▶ What the task requires: Each entry is to be repeated word for word, and the images are to be dropped.

Scraped caption text data:
# # # #
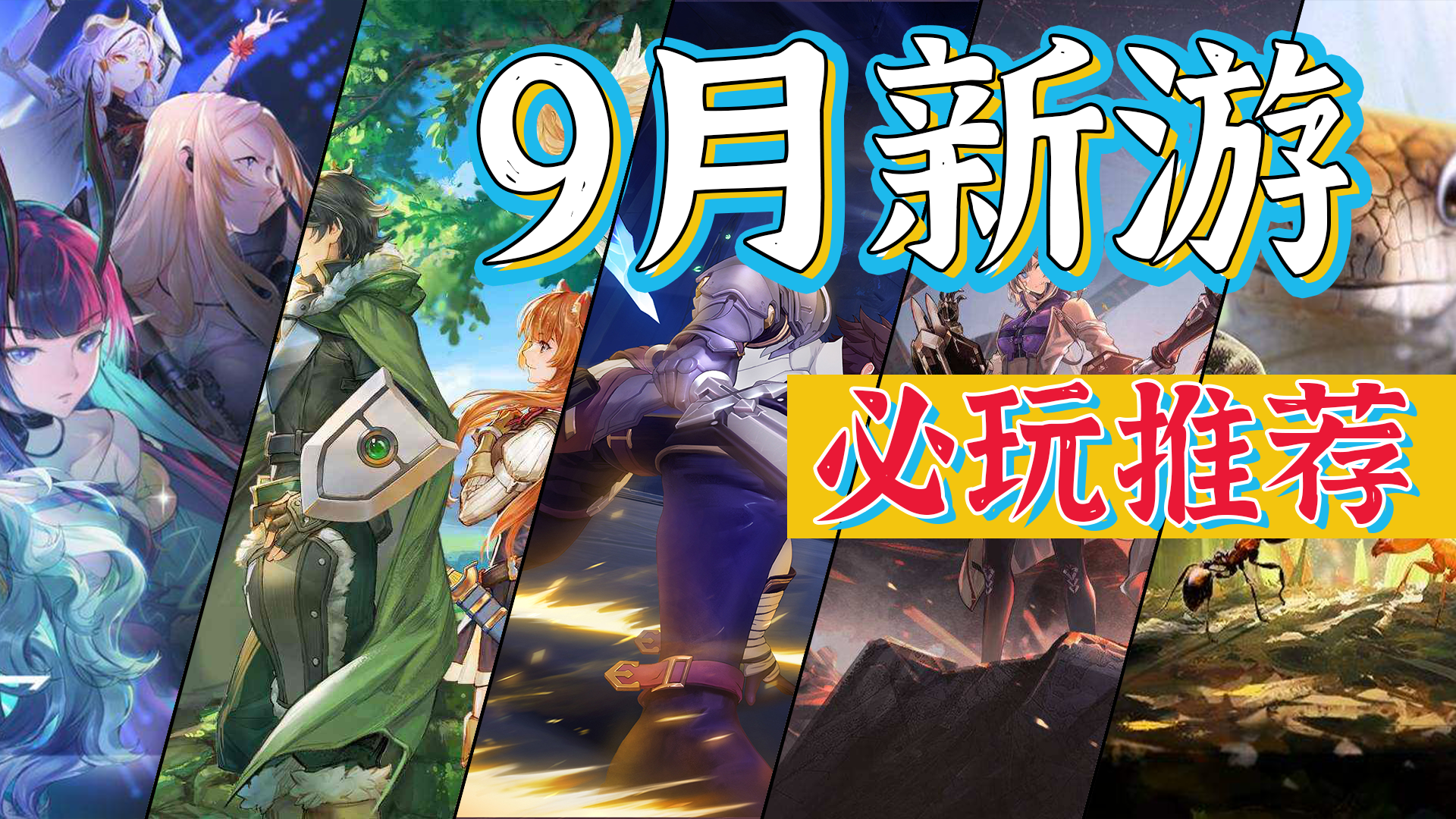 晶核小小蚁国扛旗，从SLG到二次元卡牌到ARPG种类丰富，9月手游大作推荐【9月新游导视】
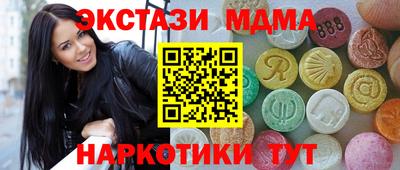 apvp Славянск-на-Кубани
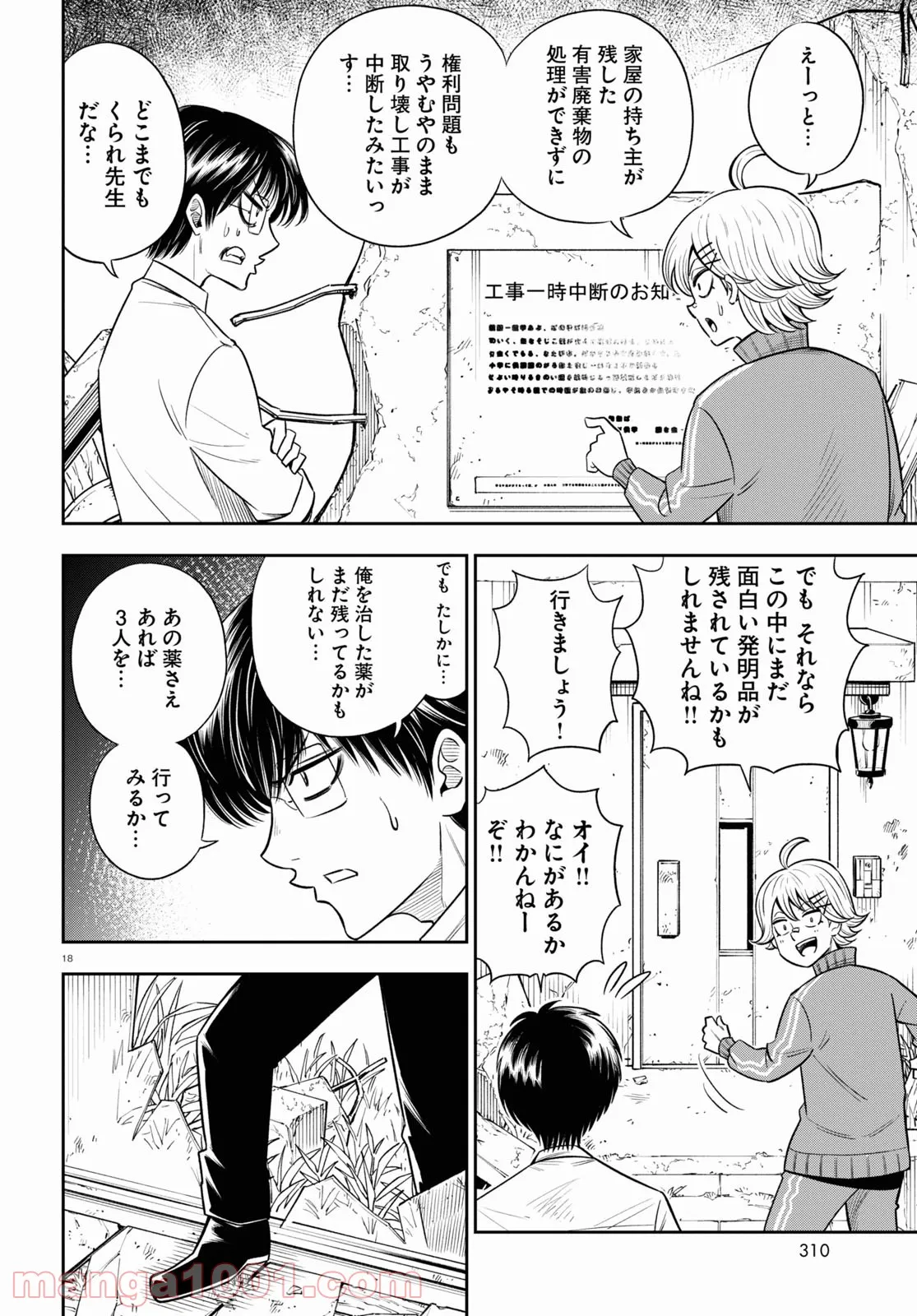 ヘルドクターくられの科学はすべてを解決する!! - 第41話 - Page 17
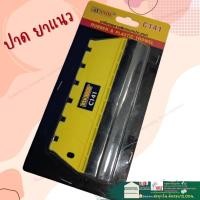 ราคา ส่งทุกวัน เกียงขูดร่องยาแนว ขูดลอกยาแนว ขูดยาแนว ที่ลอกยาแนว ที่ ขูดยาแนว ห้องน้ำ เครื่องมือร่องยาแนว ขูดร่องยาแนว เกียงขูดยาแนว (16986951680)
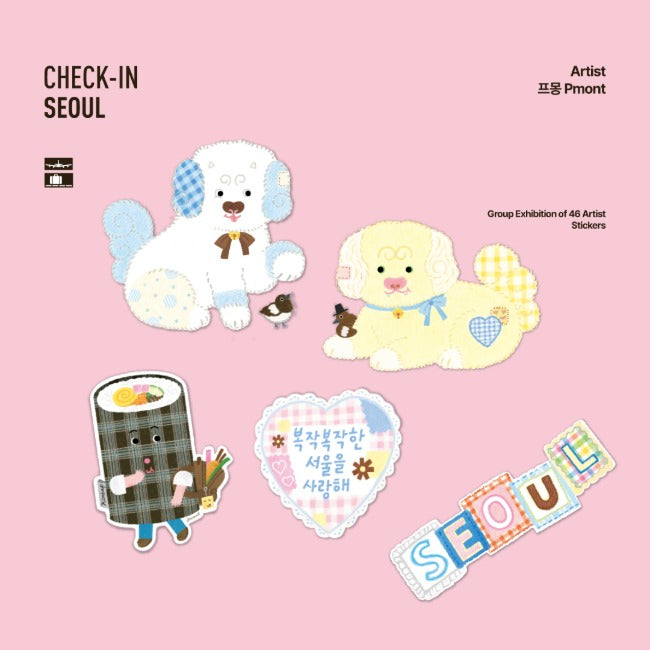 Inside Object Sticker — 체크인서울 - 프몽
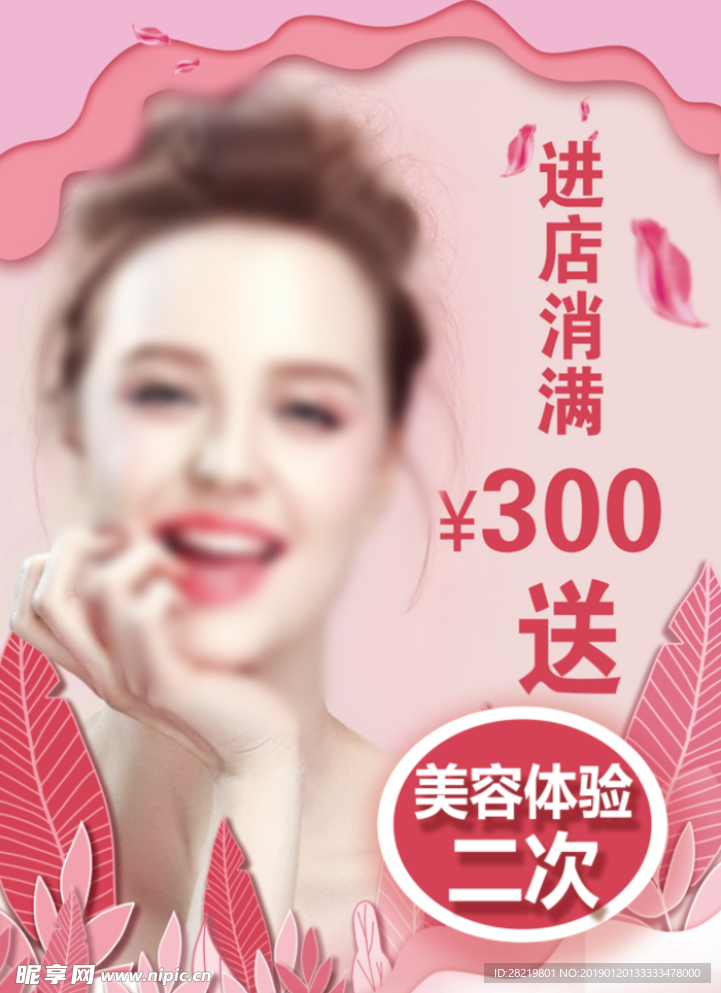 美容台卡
# # # #
▶ Answer to this exercise:
 晶核小小蚁国扛旗，从SLG到二次元卡牌到ARPG种类丰富，9月手游大作推荐【9月新游导视】
 apvp Славянск-на-Кубани
 ヘルドクターくられの科学はすべてを解決する!! - 第41話 - Page 17
 ราคา ส่งทุกวัน เกียงขูดร่องยาแนว ขูดลอกยาแนว ขูดยาแนว ที่ลอกยาแนว ที่ ขูดยาแนว ห้องน้ำ เครื่องมือร่องยาแนว ขูดร่องยาแนว เกียงขูดยาแนว (16986951680)
 Inside Object Sticker — 체크인서울 - 프몽
 美容台卡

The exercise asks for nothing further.